Asymmetry | 18 | Clustering in Bioinformatics and Drug Discovery

ABSTRACT

Comparisons of objects with diﬀerent numbers of nodes, length of strings, size or shapes creates a possible breakdown in the meaning or utility of a symmetric distance or similarity measure, like the Euclidean distance or the Tanimoto similarity. A very simple example from the social sciences regards clustering a larger group of individuals into a number of social cliques. Individuals rank their feelings or perceptions of one another, say, on a scale from 1 to 10. It is easy to see how a proximity matrix of such values is asymmetric since the pairwise values between individuals may diﬀer - Ida likes Joey (the (Ida, Joey) entry), but Joey just tolerates Ida (the (Joey, Ida) entry).

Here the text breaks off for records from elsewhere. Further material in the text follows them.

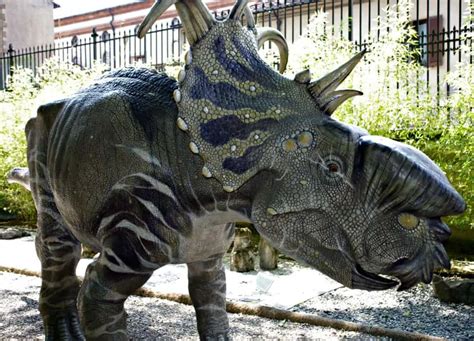 Pachyrhinosaurus | Dinosaurs - Pictures and Facts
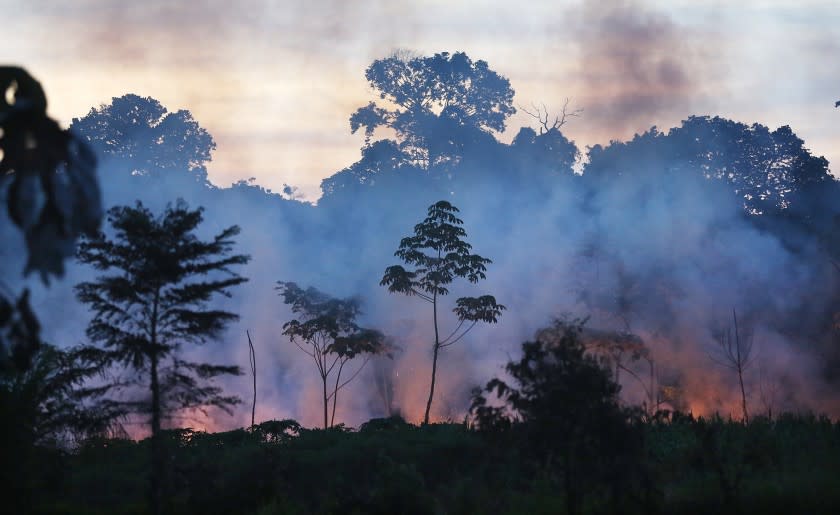 MADRE DE DIOS REGION, PERU - NOVEMBER 16: Fire burns in a deforested section along the Interoceanic Highway in the Amazon lowlands on November 16, 2013 in Madre de Dios region, Peru. Fires often are set to clear land for farming. The biologically diverse Madre de Dios ('Mother of God') region has seen deforestation from gold mining in the area triple since 2008, when gold prices spiked during global economic turmoil. In addition, deforestation along the recently constructed highway has occurred due to logging and farming as the highway has opened access to previously remote areas. (Photo by Mario Tama/Getty Images)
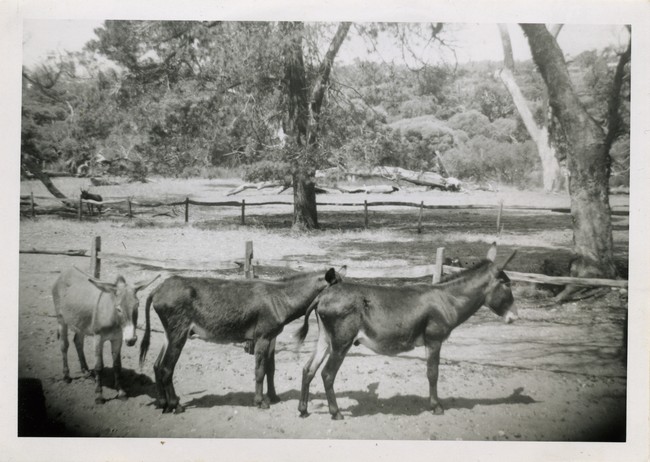 Three donkeys in enclosure, Azelia Ley Homestead
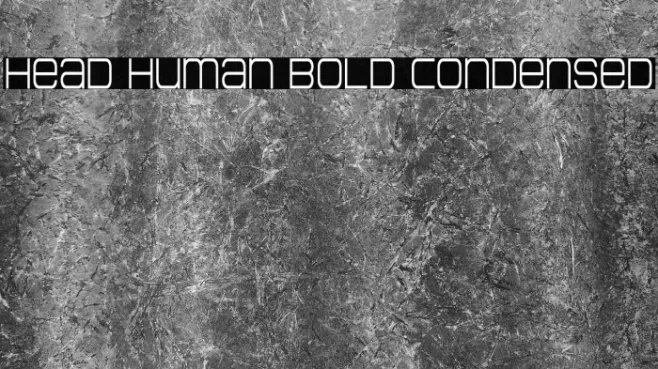 Head Human Bold Condensed Example 2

Such data can then be clustered to ﬁnd groups of like-minded individuals (social cliques). Another simple example involves shapes. Two objects of the same shape, two triangles, might be quite “similar” to an observer, but a symmetric measure would measure them as quite dissimilar, if the two triangles are quite diﬀerent in size. Thus, any asymmetric measure is one in which the order of the comparison of two objects may result in the a measure having diﬀerent values. In Figure 8.1, there are two objects (in (a) and (b)) being compared. A similarity measure would ﬁnd these objects to be quite “diﬀerent” if their size diﬀerence is included in the similarity comparison. However, the fact that the triangle in Figure 8.1b can “ﬁt into” the triangle in Figure 8.1a may be an interesting way to group these objects together. An asymmetric measure would have a high value for the case of Figure 8.1b being compared with Figure 8.1a and an low value for the case of the object in Figure 8.1a “ﬁtting” into the triangle depicted in Figure 8.1b.